We had walked through Fanueil Hall when we first arrived, but after lunch we walked back that way and noticed large bouquets of red, white and blue balloons, and saw all these folks watching the door with cameras at the ready and excitement building.  I asked the gent next to me what was happening and he said that 370 people had just received their American citizenship and were exiting through the front door of Faneuil Hall. The folks outside were the family and friends waiting to congratulate them.  Some unbelievable hurdles had been overcome in order to arrive at this day and the joy was evident everywhere.

I had never seen a naturalization ceremony and was thrilled to be there.  I hope the pictures below convey a little bit of the happiness these immigrants from about 80 different countries felt at becoming citizens of our great land. 


The front door of Faneuil Hall with the emerging new citizens.


This man, a former Aussie, was so excited.  His partner was waiting outside and I ran over to congratulate him.  He let me see the certificate up close with his picture, all pertinent identifying factors, his former country of citizenship, and all the associated stamps and signatures admitting him as a US citizen. They were headed out for a night of well-deserved celebration.

I did ask before I took the picture of these three happy ladies.  This is better than a college graduation!

Same here.

We even had the nerve to crash a small party being held down the street at the Armenian Heritage Park replete with refreshments (cider and sweets), entertainment (the Black Sea Salsa Band), salsa demos (Dance Caliente) and...
...speeches by a couple of politicians urging the new citizens to vote.  How predictable was that.  Before we left, we chatted up a darling young Panamanian woman there with her husband, three-year old daughter, and her citizenship certificate protectively clutched in her hand. 

And thus ends another wonderful sojourn, this time not so far from home, but as wonderful as the most far-flung places we've been.  We left for the airport Friday afternoon after yet another round of oysters (Malpeque from PEI) and fish n' chips (Boston scrod) in a popular Boston restaurant, Legal Seafood (slogan: if it ain't fresh, it ain't Legal).  Did I mention that Boston is a mecca for foodies?  We SHALL return! 

Thanks for joining us!


Wednesday, October 12, 2016

Boston, the Cradle of Liberty (or was that Philadelphia...)

Isn't this a pretty picture of the Boston Skyline.  I'm not even sure where I took it, so I won't say.  I love the way the shadows of the buildings hit the water.


Same with this picture.  The Boston Harbor is all around us.  We are staying at the Seaport Hotel--great location and beautiful facilities.

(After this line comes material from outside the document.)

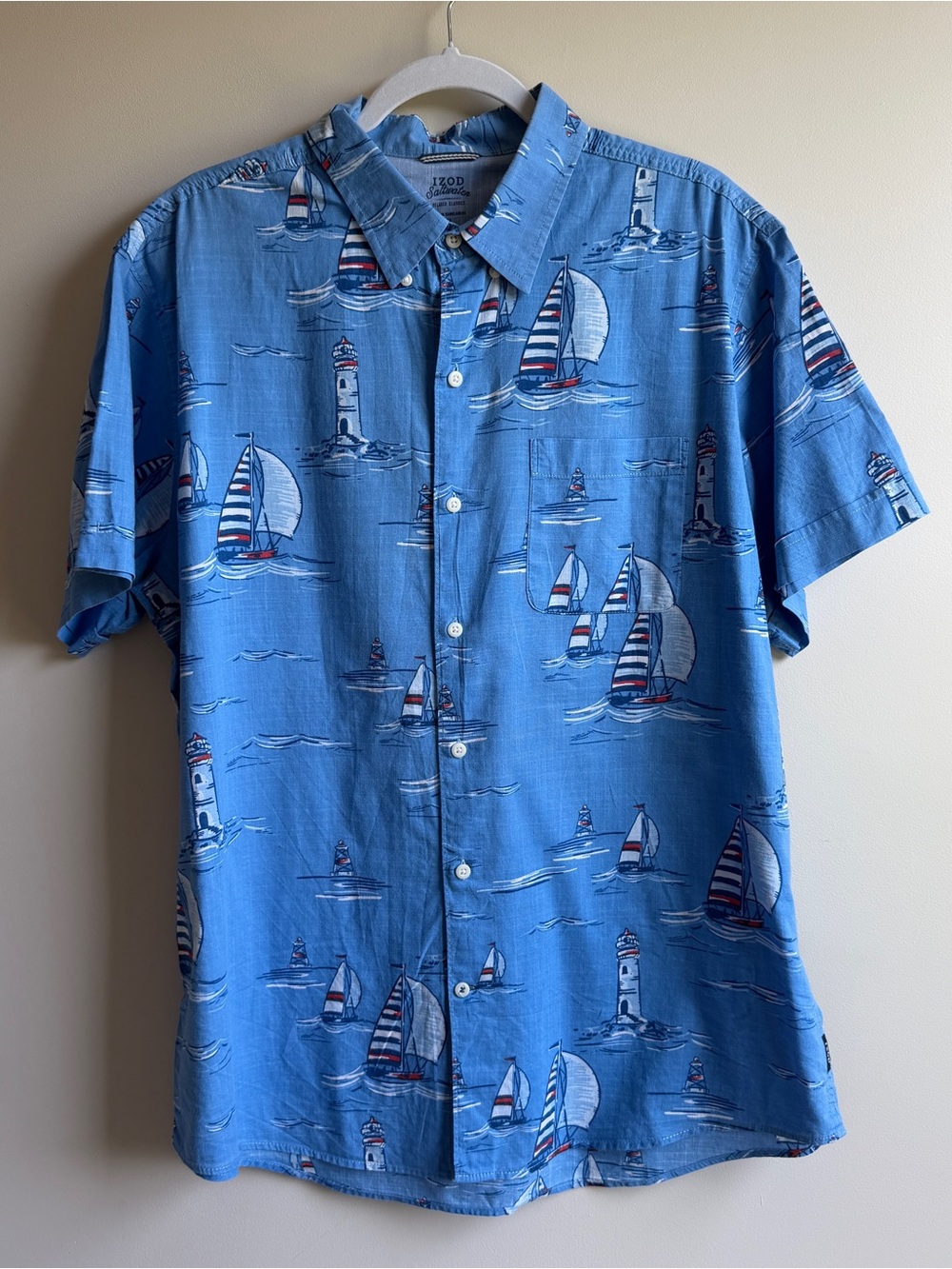 IZOD Men’s Blue Nautical Print Short Sleeve Shirt Size XL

Our room is on the 16th floor overlooking the Harbor and I could spend hours just looking at the view.  This isn't it, but it is just as interesting.  Logan Airport is just across the Harbor and we can see planes taking off and landing.  We could almost swim there.



Another picture of the fabulous Boston skyline.  


This is our second day in Boston, and by now I feel that I understand what all the excitement is about.  What a beautiful and fascinating city!  The history alone could occupy one for weeks, but since we don't have the time to absorb it all, we are sightseeing instead.  The weather is perfect and the only thing that prevents further walking is our aching feet.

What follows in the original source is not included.